Letting out the breath she hadn’t realised she’d been holding, Christine allowed herself a moment of self-congratulation. She turned away from the ship to appreciate the emptiness around her. Her eyes had adapted. Now she could see the twinkle of distant stars, like gems studding the velvet blackness, the pale blurs that were galaxies. No one has ever travelled this far from home, she thought. Rather than fear, she felt a strange sense of exhilaration, akin to the excitement that gripped her when she resolved some knotty mathematical issue or confirmed the validity of a proof.
A memory from her childhood popped into her mind—sitting in the backyard with her grandma, peering into the glittering night sky. “I saw the first American go into space,” Nana had said. “Alan Shepard. I was in fourth grade. The whole school piled into the cafeteria to watch the launch on television. Black and white television,” she added with a laugh. “I was so excited I could hardly breathe. I decided that day that I wanted to be an astronaut. I had to see those wonders for myself.”
Of course, Nana hadn’t lived that dream. She’d become a teacher instead. Now, though, Christine was making that old fantasy real, floating free, embraced by the stars. It was amazing—awe-inspiring.
Then a delicate sadness crept over her. She’d never be able to share this feeling.
A red symbol flashed in the periphery of her vision, a routine warning that the suit oxygen supplies had reached seventy-five percent. That was enough for another four hours of EVA, but still, since her work was complete, she’d better get back inside.

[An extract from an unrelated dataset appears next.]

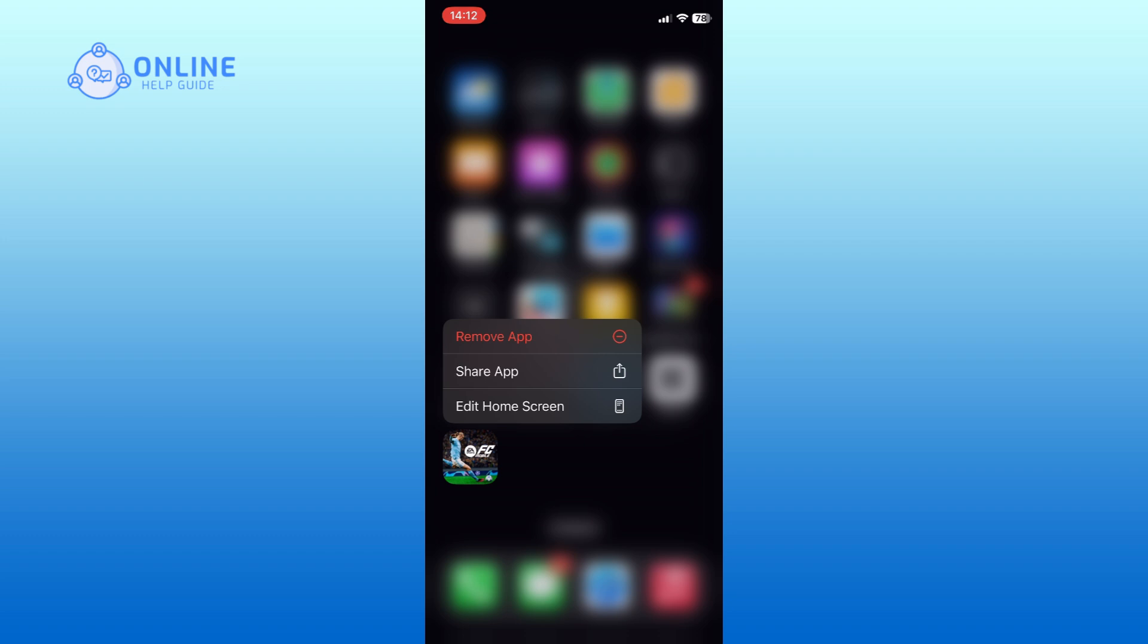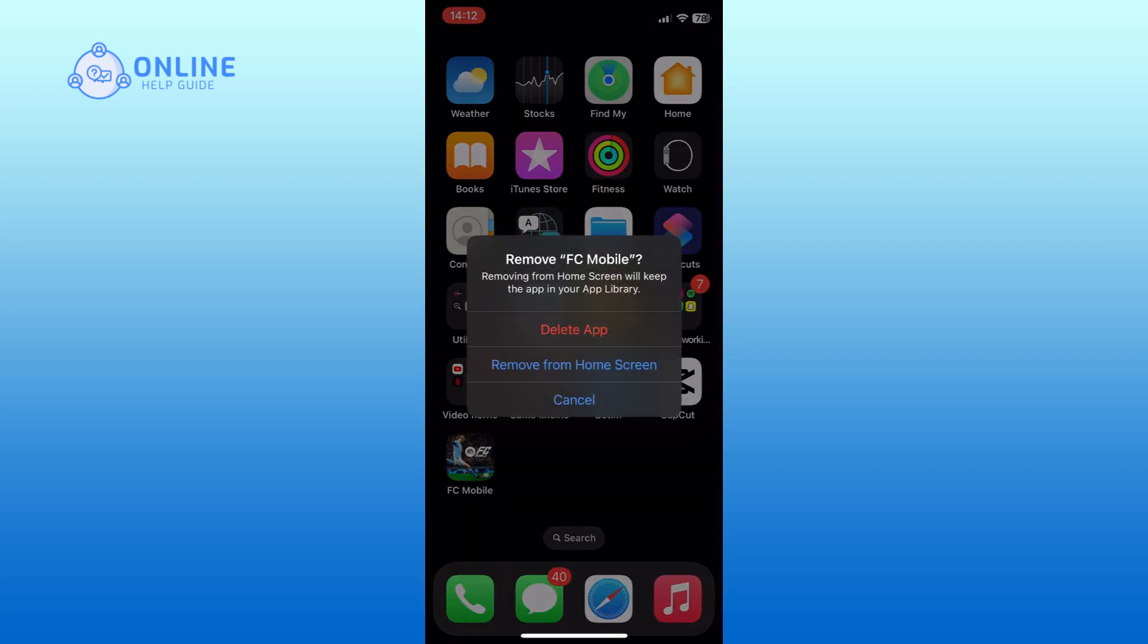From the menu, tap on the remove app option. Tap on the delete app option.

She needed to reverse her orientation in order to climb back over the edge of the disk. Grasping a bracket with one hand, she gestured with the other to temporarily turn off the magnets in her boots. It was a gesture she’d practised a hundred times during training, but something went wrong. She must have put too much force into the arm movement. The reaction tore her other hand from its grip and drove her body away from the ship.
The distance between her and the Archimedes grew wider by the second. Christine cursed her carelessness. She knew that one had to move slowly and deliberately at all times when performing EVA. Newton’s third law, that every action has an equal and opposite reaction, applied in space just as it did everywhere else. In space, though, there was no friction to slow objects down.
Christine was more annoyed than concerned. She knew she could pull herself back to the airlock using the tether. That’s what it was for. She reached behind her to grasp it, where it clipped to her belt. Only then did she feel fear. Her lifeline was gone.